In lieu of an abstract, here is a brief excerpt of the content:

  • The End of the Journey
  • Matthew Peters (bio)
The Journey Abandoned: The Unfinished Novel by Lionel Trilling, edited by Geraldine Murphy. Columbia University Press. 2008. £15.95. ISBN 0 2311 4450 6

Lionel Trilling's unfinished novel was found recently amongst his papers at Columbia University. The first references to it appear in [End Page 455] Trilling's notebooks in the mid-1940s. In a short commentary on the work Trilling stated that the manuscript was only one-third of the way to completion, and admitted that he had no 'new point at which to aim' (p. 161). He set it aside in the early 1950s, evidently hoping that he would resume it at some point in the future.

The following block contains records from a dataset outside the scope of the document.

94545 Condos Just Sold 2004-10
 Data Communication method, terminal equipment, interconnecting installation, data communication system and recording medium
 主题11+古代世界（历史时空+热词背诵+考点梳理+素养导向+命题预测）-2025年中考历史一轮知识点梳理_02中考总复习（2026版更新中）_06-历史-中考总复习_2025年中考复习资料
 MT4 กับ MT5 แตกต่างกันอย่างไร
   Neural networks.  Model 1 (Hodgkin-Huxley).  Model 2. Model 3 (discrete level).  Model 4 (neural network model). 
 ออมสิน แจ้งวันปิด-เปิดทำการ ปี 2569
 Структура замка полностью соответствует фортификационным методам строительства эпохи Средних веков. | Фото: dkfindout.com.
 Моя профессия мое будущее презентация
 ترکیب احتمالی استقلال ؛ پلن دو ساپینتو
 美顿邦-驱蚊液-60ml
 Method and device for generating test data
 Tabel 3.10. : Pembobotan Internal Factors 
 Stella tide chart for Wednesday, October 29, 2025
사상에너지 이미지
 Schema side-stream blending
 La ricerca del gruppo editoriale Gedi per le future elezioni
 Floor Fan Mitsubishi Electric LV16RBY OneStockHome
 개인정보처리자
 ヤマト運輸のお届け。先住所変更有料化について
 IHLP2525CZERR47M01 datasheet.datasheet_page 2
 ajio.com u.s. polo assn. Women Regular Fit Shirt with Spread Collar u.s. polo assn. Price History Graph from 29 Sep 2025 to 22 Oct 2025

Vincent Hammell, the novel's protagonist, is an intelligent, lowermiddle class young man from an unnamed Midwestern city, who scrapes an unsatisfying living from teaching creative writing at the city's cultural institute, and working occasionally at the local newspaper, while writing a book on American literature. He sends an admiring letter to a notable, though still young, critic and novelist, Harold Outram, who is the director of a wealthy cultural foundation. Outram and Vincent meet, and after a short conversation, Outram offers Vincent the opportunity to write the biography of Jorris Buxton, an elderly and distinguished novelist and poet who, at the age of 40, renounced literature for mathematical physics, in which discipline he also holds some distinction. Vincent accepts, and moves to New England, where he suddenly finds himself leading a rich cultural life, gaining the society not only of Outram and Buxton but also of Garda Thorne, a short-story writer, whose work Vincent deeply admires, and who, he discovers, once had a relationship with Buxton. Vincent is also introduced to a friend of Buxton's, Mrs Post, and her young protégée, Perdita, whose singing lessons Buxton sponsors. Vincent is aware that Outram and Garda Thorne find Mrs Post's intentions manipulative, and he himself suspects that Buxton is dangerously captivated by Perdita. (In a preface to the novel Trilling wrote that a similar – and ruinous – episode in the life of W. S. Landor provided the germ for his novel.) At this point the manuscript ends.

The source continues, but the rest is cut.